Havanese Puppies Available from Havanese Breeder Serving Washington and Oregon, USA and Vancouver, and Langley, BC
Socialization of Your Havanese
A well bred and well socialized Havanese has a beautiful temperament - not fearful, very approachable and love everyone and everything. They are said to be one of the best dogs for multi animal households.
To have the correct temperament of the breed the Havanese does has to be socialized, just like any animal needs to be. This requires an effort on both the breeder and the owners part. The breeder must introduce early socialization to the puppy. Starting right from birth the puppies need to be handled by humans and experience small stresses combined with safe security. We follow the the practice of introducing small amounts of stress to our puppies so that they build coping skills and confidence. We introduce them to noise, pots, pans, music, children, banging, door bells, traffic. We introduce them to being in the submissive position by holding them on their backs for very brief periods of time as babies, we handle them. We introduce them to traffic noise, we walk them and we drive them in the car.
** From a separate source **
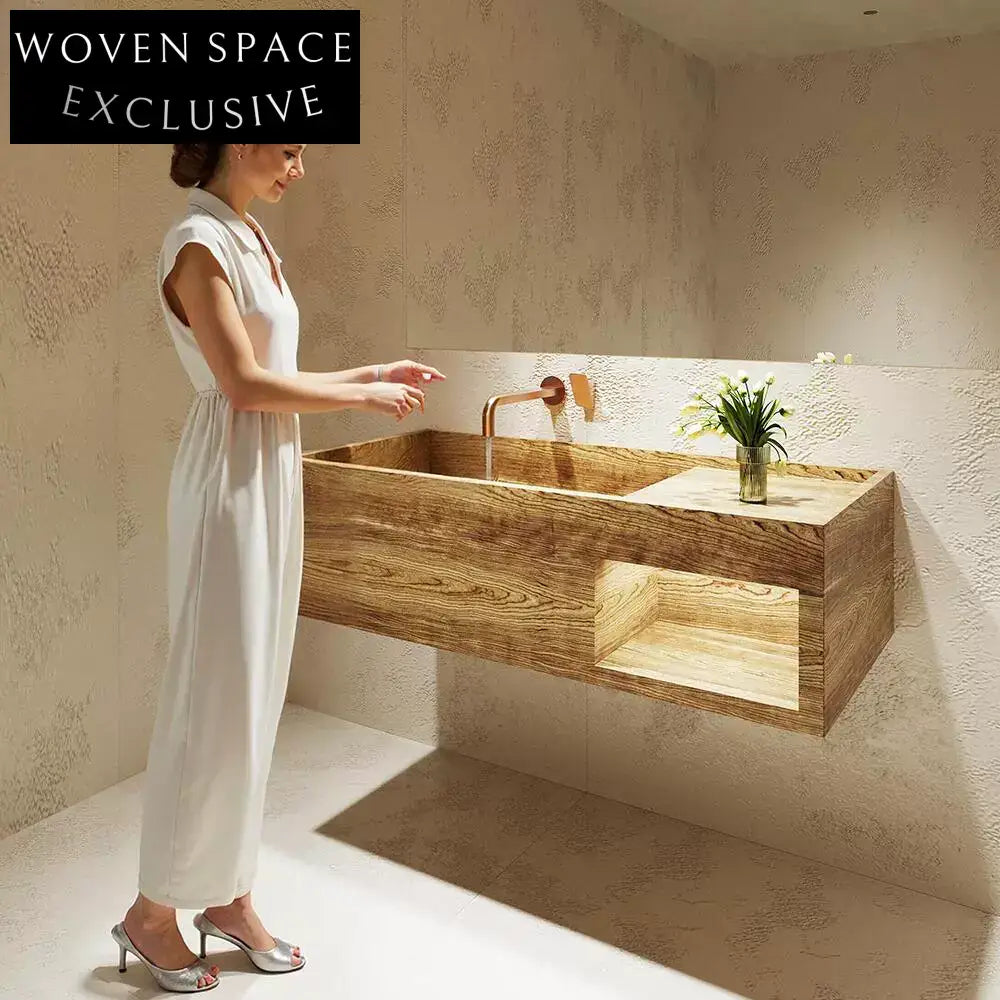 Rohan White Wall-Mounted Marble Basin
We also make sure the puppies are comfortable away from mom for periods of time, and crate train our puppies before they go to their new homes.
Puppies have a fear stage around 8 weeks and this is the time where I really want to build confidence in the puppy and trust. For this reason I don't release puppies until 9 or 10 weeks.
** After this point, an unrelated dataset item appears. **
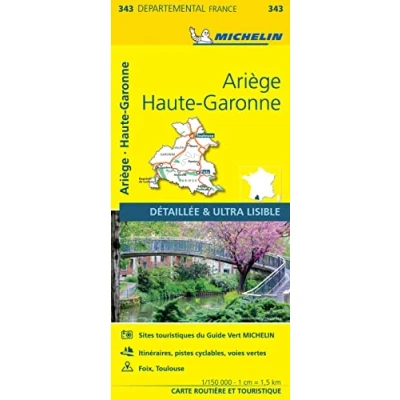 Image of Ariege, Haute Garonne Michelin Local Map 343:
At about 12 weeks the second critical stage of socialization kicks in and this is where the owner must socialize their puppy. You also have to be careful as your puppy will have only had it's second shot. Your puppy can be introduced to other 'safe' dogs. That means dogs that have all their shots, puppy classes from a clean reputable dog trainer is by far the best and easiest way to socialize you puppy in this critical 12 week stage. Definitely introduce your puppy to children and make sure you supervise this introduction so it productive and positive for both the children and the puppy.
Your goal is to have a Havanese that is not afraid of people or animals - you must do the socialation, training and confidence building to ensure this happens. Not all puppies are born equal, there is a pecking order - alpha dogs will generally be very social, submissive dogs may need more exposure and encouragement. If you need to invite people over and give them pockets full of doggie treats to get your puppy to approach them with a wagging tale then do it and do it early. I can't recommend puppy training enough. After 20+ years in dogs I'm pretty sure I can train my own dogs, I still take my puppies to puppy class, it's not for obedience it's for bonding and socialization. Please don't skip this important step it could make a difference in you having the Havanese you always wanted, or having to work really hard to correct some issues due to lack of 12 week socialization.
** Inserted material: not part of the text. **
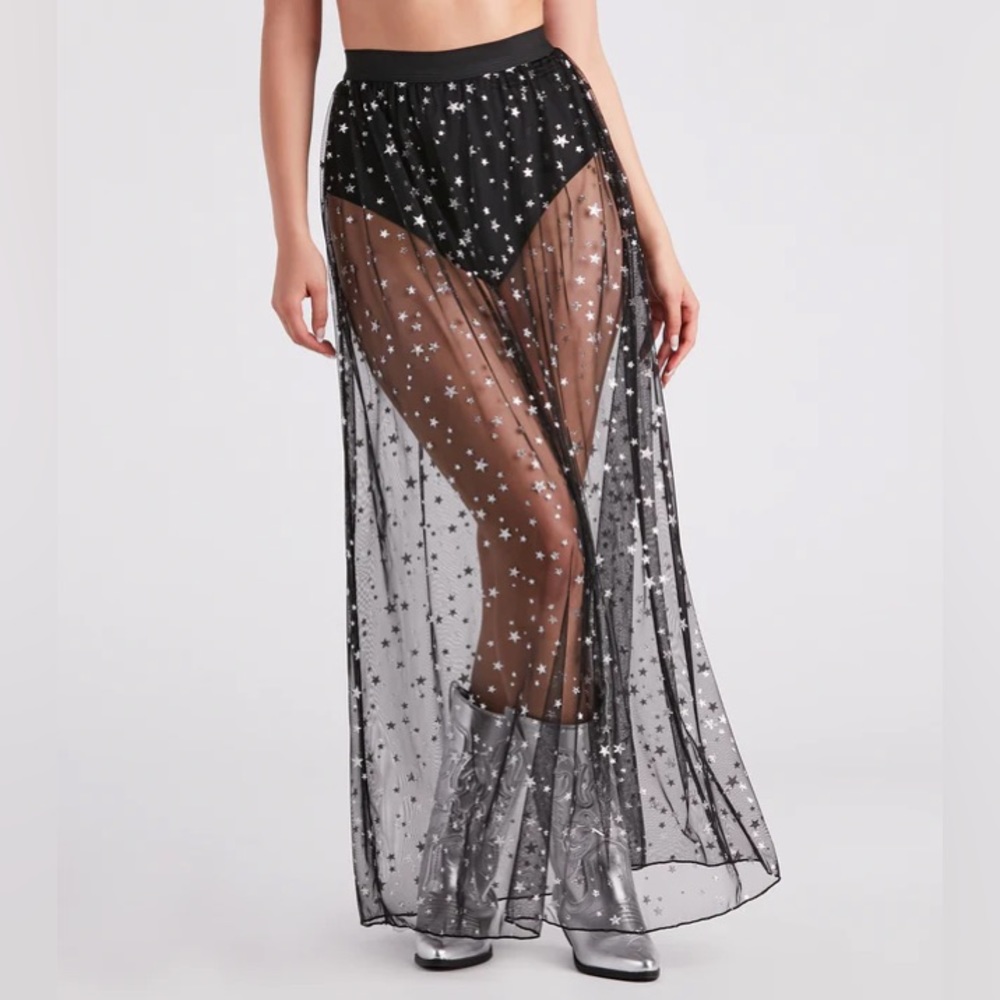 Starry-Eyed Sheer Mesh Maxi Skirt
A common mistake first time puppy owners often make is distinguishing between normal alpha dog puppy dog behavior and aggressive behavior. Don't assume your alpha dog is aggressive he may just be an extremely social puppy and if he is super confident and alpha he will be stubborn, and assertive in his play. Not bad, not aggressive just overly confident, short puppy attention span and stubborn. You need to teach him what is acceptable to you, but you do not need to punish him or treat him for aggressive behavior, Consistent training is the key, and NO attention for behaviour you want to discourage. Be Really Really consistent - the smart alpha puppy will figure it out if you slip up once, if it is OK to hand bite sometimes, or to chew up that slipper you didn't really care about he will figure it's worth a shot to just keep trying the next time to. Children need help sometimes with the alpha puppy they are lower in the pack and the puppy will not listen to them and will bully them. Work with your children to send the right messages in the right way. You want to build that important bond, so you don't want them frustrated with the puppy, but they need to establish some control. They need to use a deeper 'training' voice when training their puppy and they need to learn to only say commands once. Work with your trainer and your children with your puppy.